» REQUIREMENT
Two lines in the data below mark the range: the one with "Manolo Blahnik Satin" and the one with "Organisateur de jouets". Return both, along with every line between them, exactly.

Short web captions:

• • • • • • •

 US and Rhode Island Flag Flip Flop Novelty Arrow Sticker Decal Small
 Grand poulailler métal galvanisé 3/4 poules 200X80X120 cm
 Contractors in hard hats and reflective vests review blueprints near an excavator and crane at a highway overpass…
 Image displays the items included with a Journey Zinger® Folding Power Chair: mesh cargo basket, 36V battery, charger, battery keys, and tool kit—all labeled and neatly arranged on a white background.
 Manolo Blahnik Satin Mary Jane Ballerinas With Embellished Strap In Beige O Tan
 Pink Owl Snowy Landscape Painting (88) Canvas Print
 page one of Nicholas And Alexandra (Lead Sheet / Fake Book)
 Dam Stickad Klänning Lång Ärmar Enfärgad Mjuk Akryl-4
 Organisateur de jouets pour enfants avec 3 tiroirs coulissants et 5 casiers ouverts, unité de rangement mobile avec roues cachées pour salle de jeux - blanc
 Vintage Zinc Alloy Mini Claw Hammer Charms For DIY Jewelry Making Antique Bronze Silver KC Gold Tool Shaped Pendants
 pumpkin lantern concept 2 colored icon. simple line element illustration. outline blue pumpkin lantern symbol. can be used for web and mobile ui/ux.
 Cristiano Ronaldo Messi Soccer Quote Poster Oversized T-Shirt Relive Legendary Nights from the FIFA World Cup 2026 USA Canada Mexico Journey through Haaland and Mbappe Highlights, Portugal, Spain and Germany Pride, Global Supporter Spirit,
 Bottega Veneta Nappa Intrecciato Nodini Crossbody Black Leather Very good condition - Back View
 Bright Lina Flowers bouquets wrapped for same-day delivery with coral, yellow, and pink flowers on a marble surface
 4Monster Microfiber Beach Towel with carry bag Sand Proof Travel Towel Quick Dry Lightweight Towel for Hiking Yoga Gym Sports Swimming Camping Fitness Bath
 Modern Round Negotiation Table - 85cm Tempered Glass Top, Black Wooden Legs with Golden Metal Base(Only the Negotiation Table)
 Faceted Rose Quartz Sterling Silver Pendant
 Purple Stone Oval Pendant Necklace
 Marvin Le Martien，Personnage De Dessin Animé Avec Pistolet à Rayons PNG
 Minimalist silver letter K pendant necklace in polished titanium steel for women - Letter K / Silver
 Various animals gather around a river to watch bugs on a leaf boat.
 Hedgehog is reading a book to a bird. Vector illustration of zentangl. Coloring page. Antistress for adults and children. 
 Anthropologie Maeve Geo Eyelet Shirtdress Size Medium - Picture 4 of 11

• • • • • • •

» TASK OUTPUT
 Manolo Blahnik Satin Mary Jane Ballerinas With Embellished Strap In Beige O Tan
 Pink Owl Snowy Landscape Painting (88) Canvas Print
 page one of Nicholas And Alexandra (Lead Sheet / Fake Book)
 Dam Stickad Klänning Lång Ärmar Enfärgad Mjuk Akryl-4
 Organisateur de jouets pour enfants avec 3 tiroirs coulissants et 5 casiers ouverts, unité de rangement mobile avec roues cachées pour salle de jeux - blanc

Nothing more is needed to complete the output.